Quote from: Faid;2624169
Anyway:
Quote from: Popper, The Poverty of Historicism, pages 132-133
The thesis of the unity of the scientific method, whose application to theoretical sciences I have just been defending, can be extended, with certain limitations, even to the field of historical sciences. And this can be done without giving up the fundamental distinction between theoretical and historical sciences- for example, between sociology or economic theory or political theory on the one hand, and social, economical and political history on the other- a distinction which has been so often and emphatically reaffirmed by the best historians. It is the distinction between the interest in universal laws and the interest in particular facts.
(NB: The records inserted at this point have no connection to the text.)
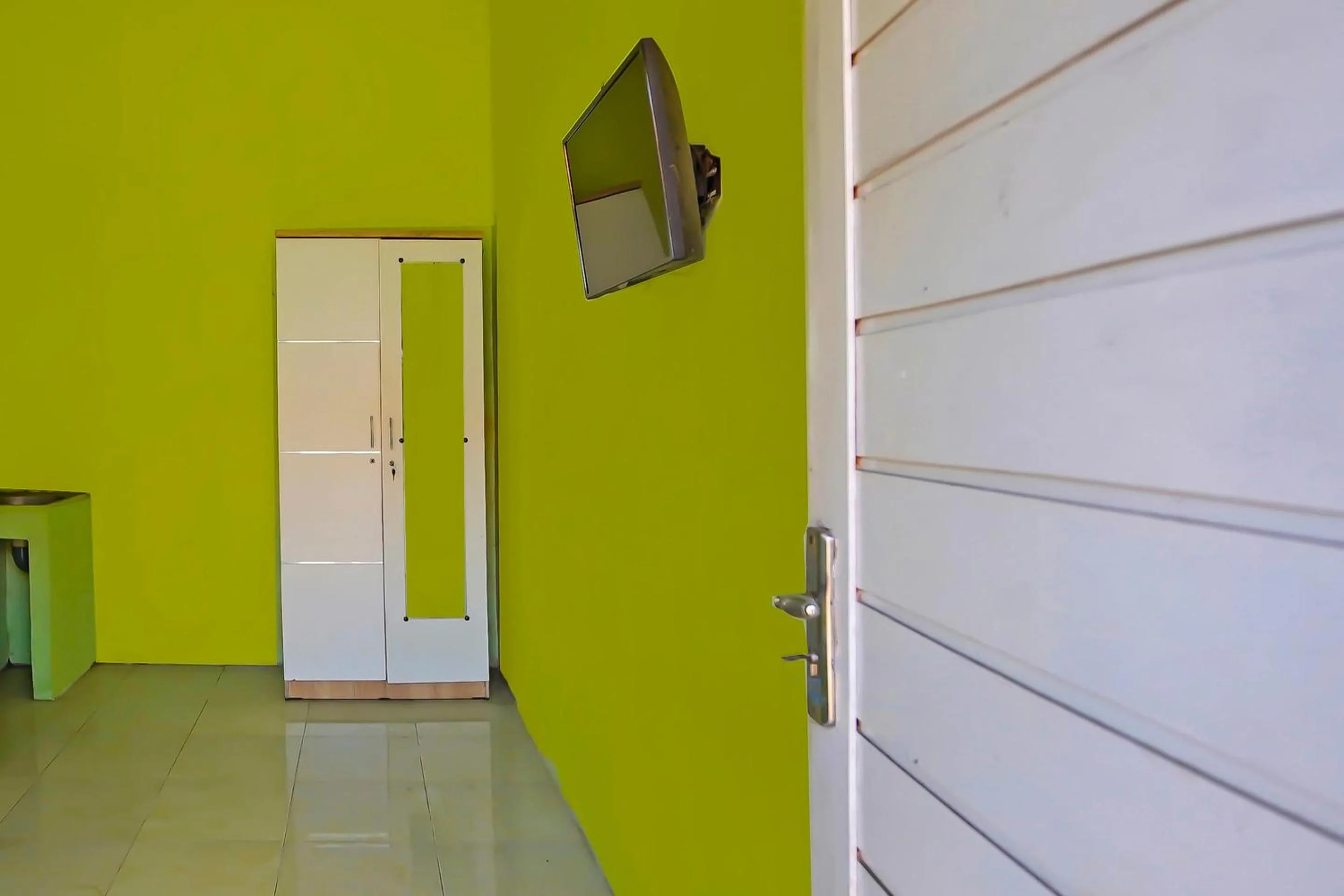 Bedroom in Hotel O Guesthouse Prima SyariahNearGPdI Anugerah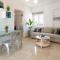 Bright, Serene Penthouse in Town Center w Seaview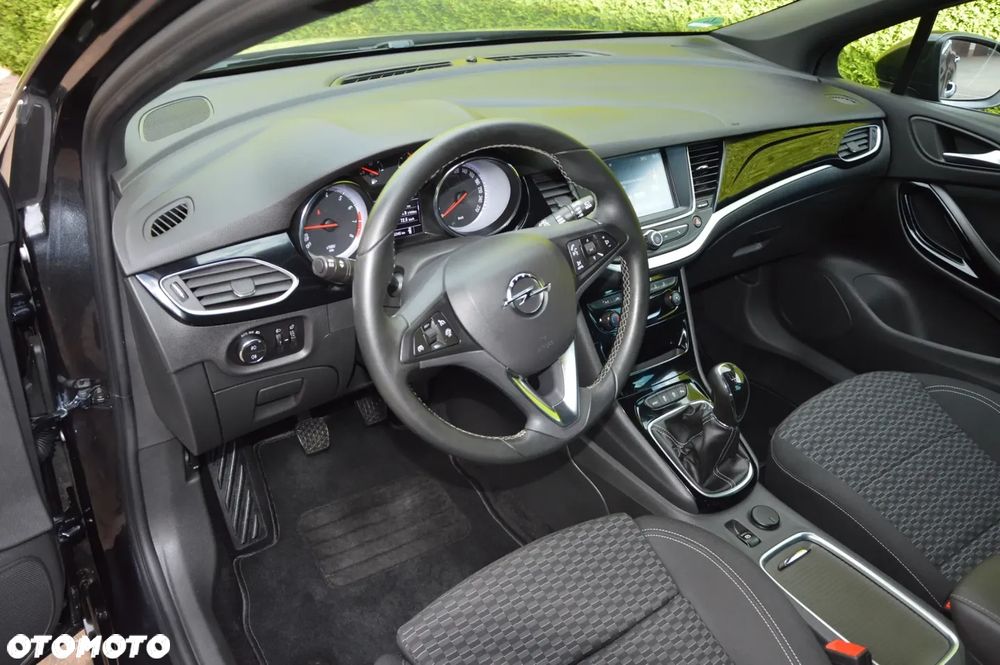 Opel Astra - 8
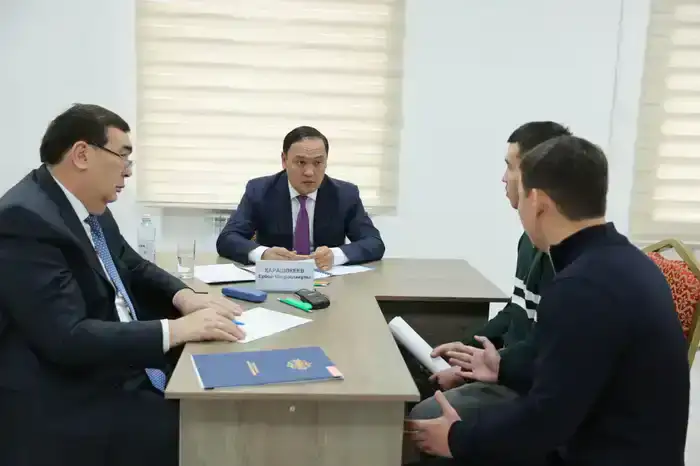 Ербол Карашукеев встретился с жителями Тараза (9)
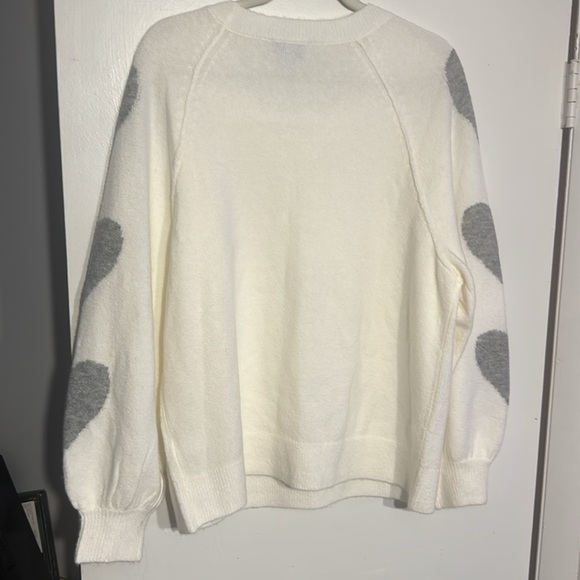 NWOT. Woman’s CeCe Cozy White and Gray Sweater with hearts on sleeves. Size M - Picture 4 of 5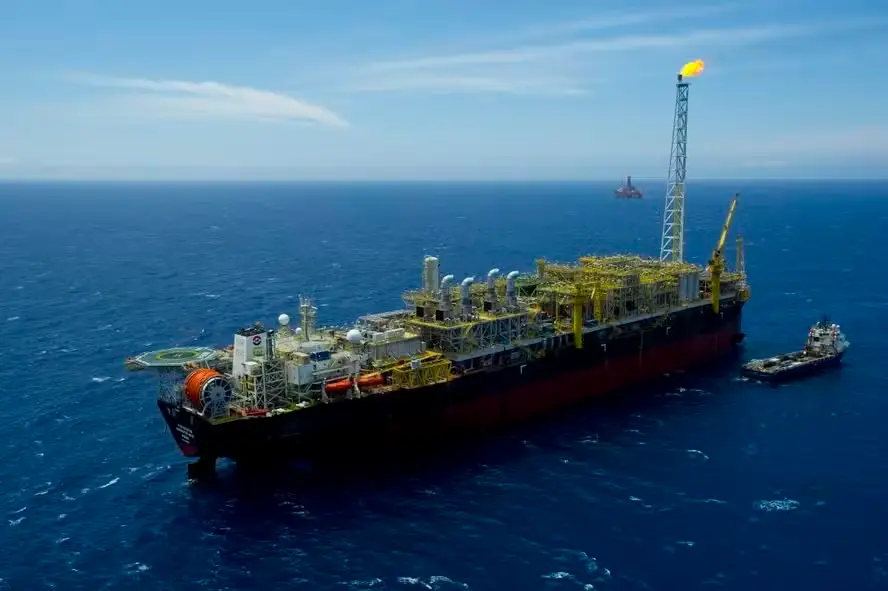 Governo autoriza 18 novos blocos do pré-sal para leilão que pode arrecadar R$ 3,2 bi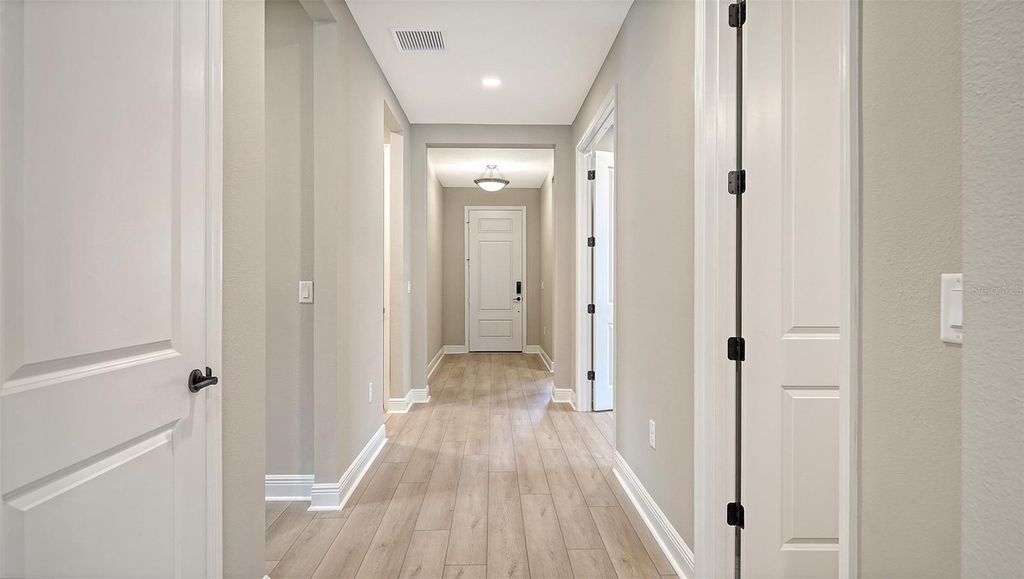 Image 26 of property listing at 8201 SCARLETBUSH DRIVE, Sarasota, FL 34240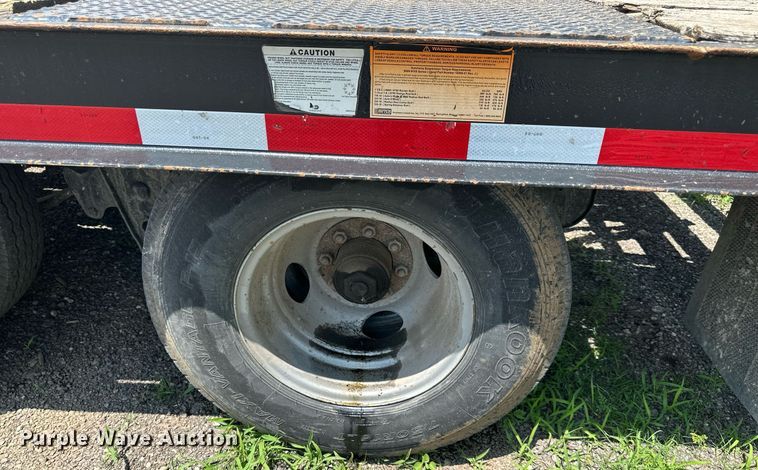 image for item DS6452 2012 Trail King TK24LP262  equipment trailer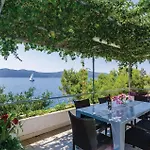 Two-bedroom In Ratac 아파트 오라사크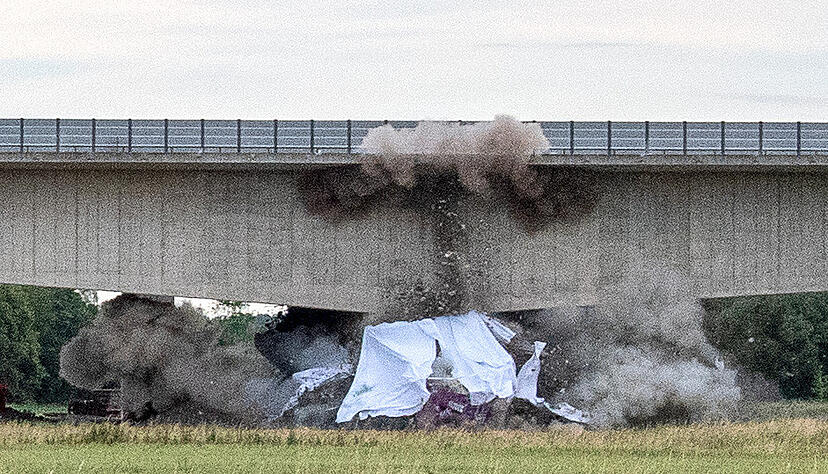 Die Brücke der A6 liegt nach der Sprengung nur noch in Asch und Schutt. Foto: Mario Berger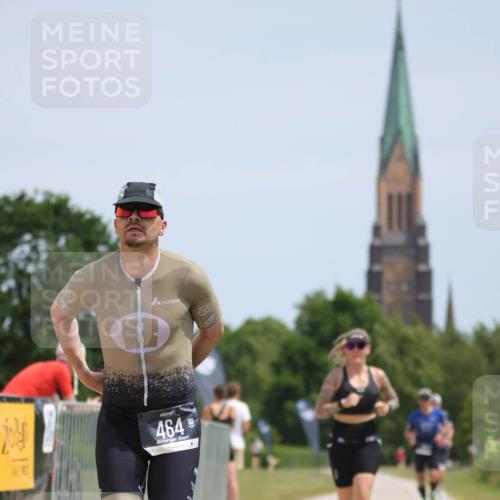 22.06.2025 - Viking Triathlon H.Heesch http://msf.ph/oto/8093670 22.06.2025 13:03:49 Laufen 30, 214, 464, 508, 602 meine-sportfotos.de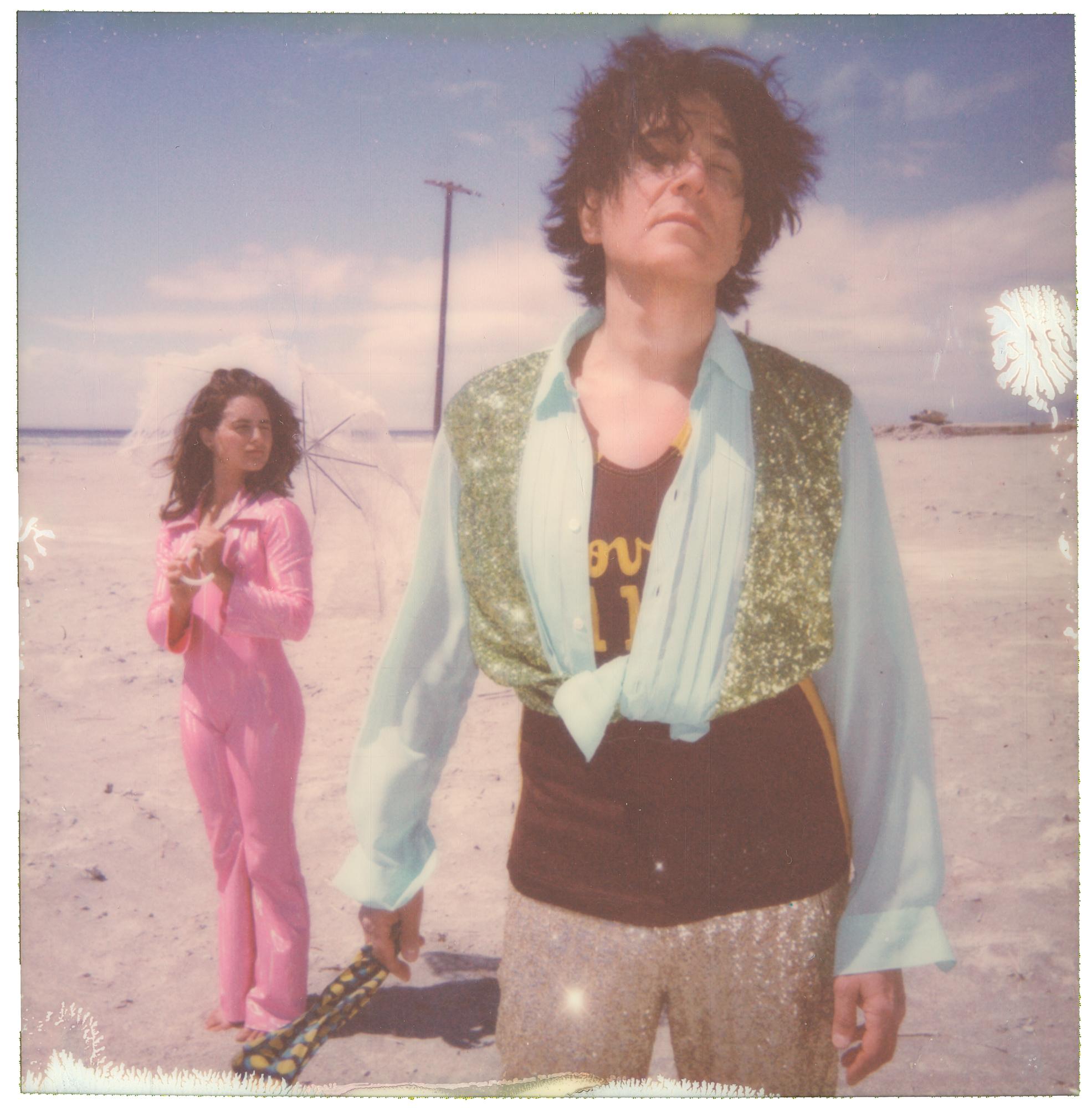Color Photograph de Stefanie Schneider - Sin Causas (Disco del alférez Broderick Graba 'Blood Crush')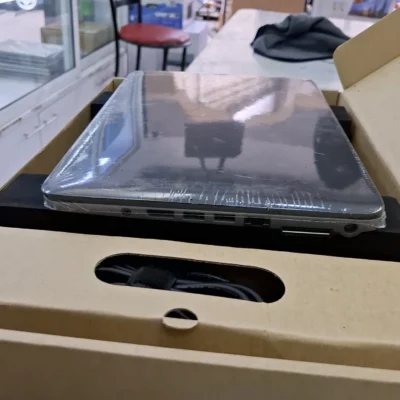 Hp EliteBook 820g1 4th gen Core i5 4gb 500GB Refurbished box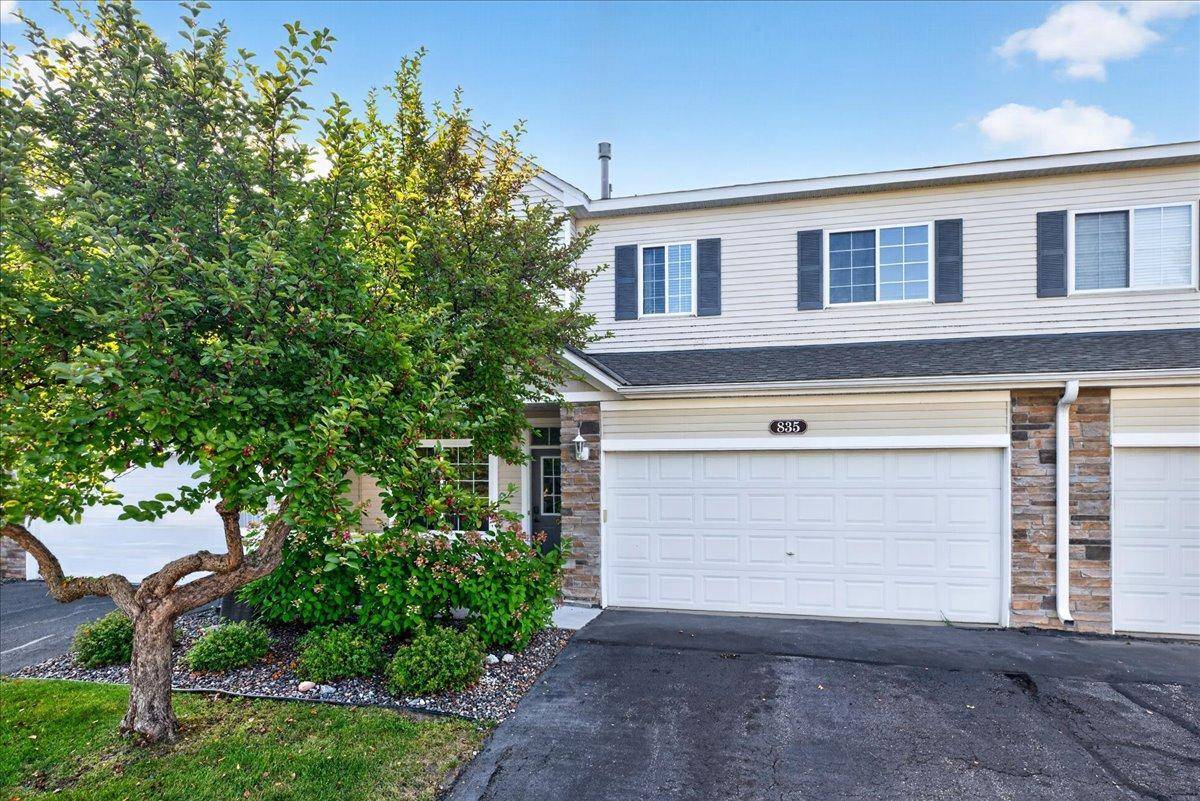 835 Willow Glen CT, Buffalo, MN 55313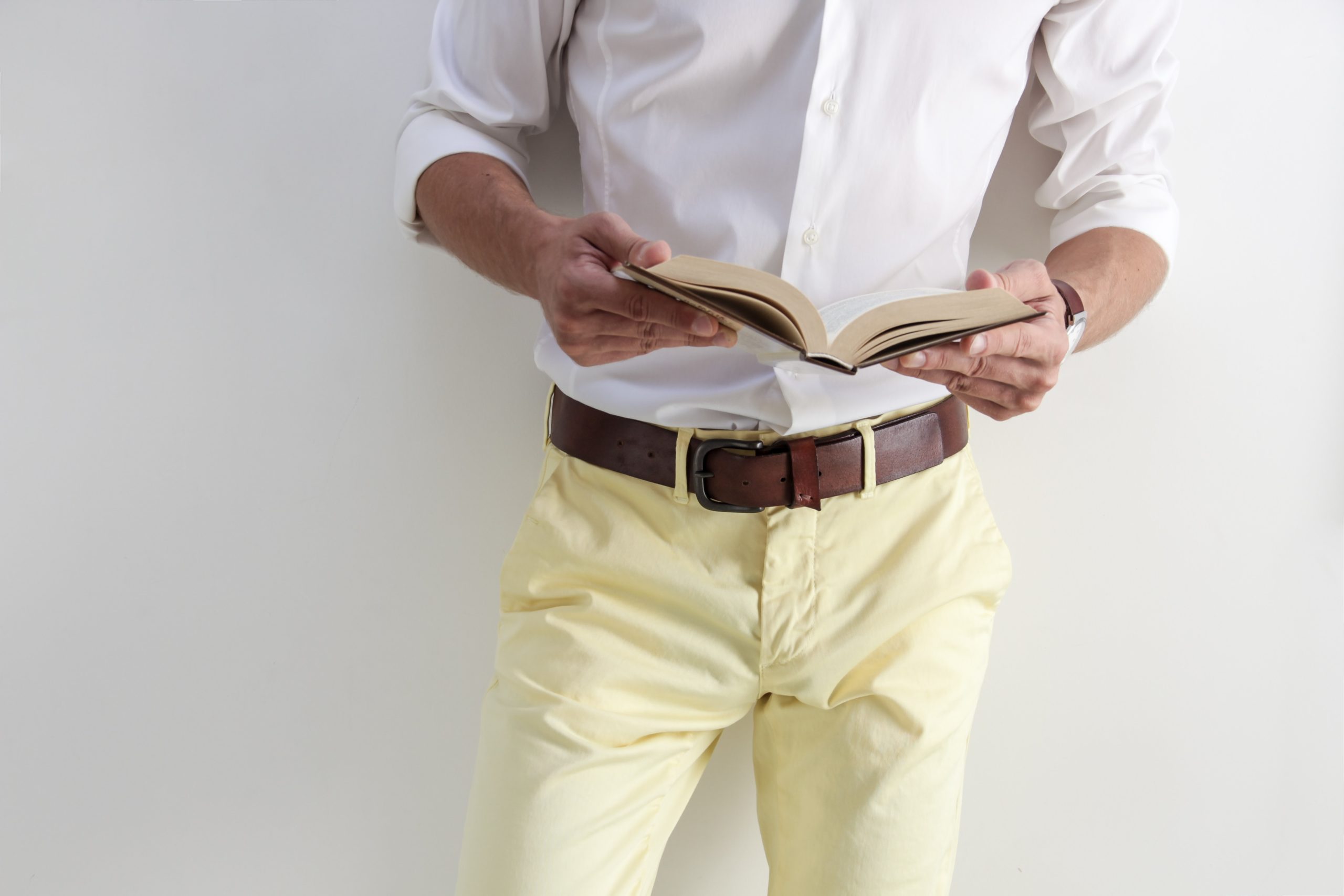 Mężczyzna w spodniach z książką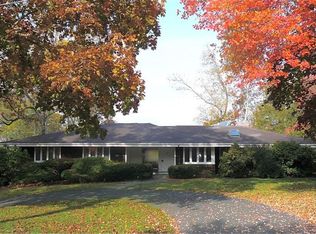 70 Golfview Ter, Fairfield, CT 06825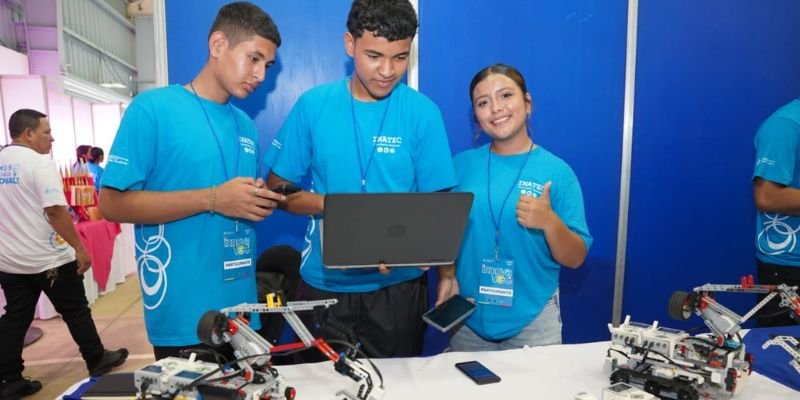 INNOVATEC 2025: Jóvenes técnicos  demuestran su talento e innovación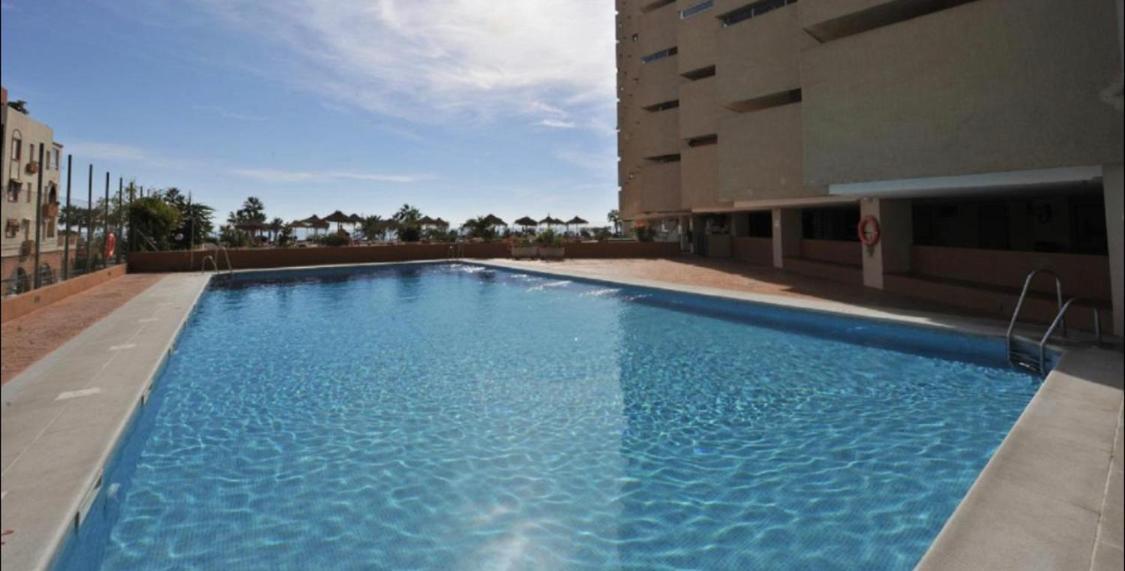 Apartahotel Chinasol Con Parking Y Desayuno 阿尔姆尼卡 外观 照片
I wish to defend the view, so often attacked as old-fashioned by historicists, that history is characterized by its interest in actual, singular, or specific events, rather than in laws or generalizations. [emphasis in original]

This view is perfectly compatible with the analysis of scientific method, and especially of causal explanation given in the preceding section. The situation is simply this: while the theoretical sciences are mainly interested in finding and testing universal laws, the historical sciences take all kinds of universal laws for granted and are mainly interested in finding and testing singular statements.
Quote from: Popper, again
some people think that I have denied scientific character to the historical sciences, such as palaeontology, or the history of the evolution of life on Earth; or to say, the history of literature, or of technology, or of science.
This is a mistake, and I here wish to affirm that these and other historical sciences have in my opinion scientific character: their hypotheses can in many cases be tested.
It appears as if some people would think that the historical sciences are untestable because they describe unique events. However, the description of unique events can very often be tested by deriving from them testable predictions or retrodictions.

Quote from: Cleland
This  paper  explains  why  historical  science  is  not  inferior  to  experimental  science  when  it  comes  to  testing  hypotheses.  First,  objections  such  as  Gee's  are  based  upon  common  misconceptions  about experimental  practice  and  scientific  methodology  in  general.  Second, the differences in methodology that actually do exist between historical and  experimental  science  are  founded  upon  a  remarkably  pervasive feature of nature: a causal asymmetry between present and past events, on  the  one  hand,  and  present  and  future  events,  on  the  other. Insofar as each practice is tailored to exploit the information that nature puts at its disposal for evaluating hypotheses, and the character of that information differs, neither practice can be held up as more objective or rational than the other.
Quote from: Cleland, again
When  it  comes  to  testing  hypotheses,  historical  science  is  not inferior  to  classical  experimental  science.  Traditional  accounts  of  the scientific method cannot be used to support the superiority of experimental work. Furthermore, the differences in methodology that actually do  exist  between  historical  and  experimental  science are keyed to an objective  and  pervasive  feature  of  nature,  the  asymmetry  of  overdetermination.  Insofar  as  each  practice selectively exploits the differing information  that  nature  puts  at  its  disposal,  there  are  no  grounds  for claiming that the  hypotheses of one are more securely established by evidence than are those of the other.

Quote from: Hartnett
In terms of what science is, cosmology is not science. And that is very important to understand. It is not repeatable operational science but more like a forensic science, an historical science, which is much weaker and does not work like normal operational science with hypothesis, prediction and test/refutation.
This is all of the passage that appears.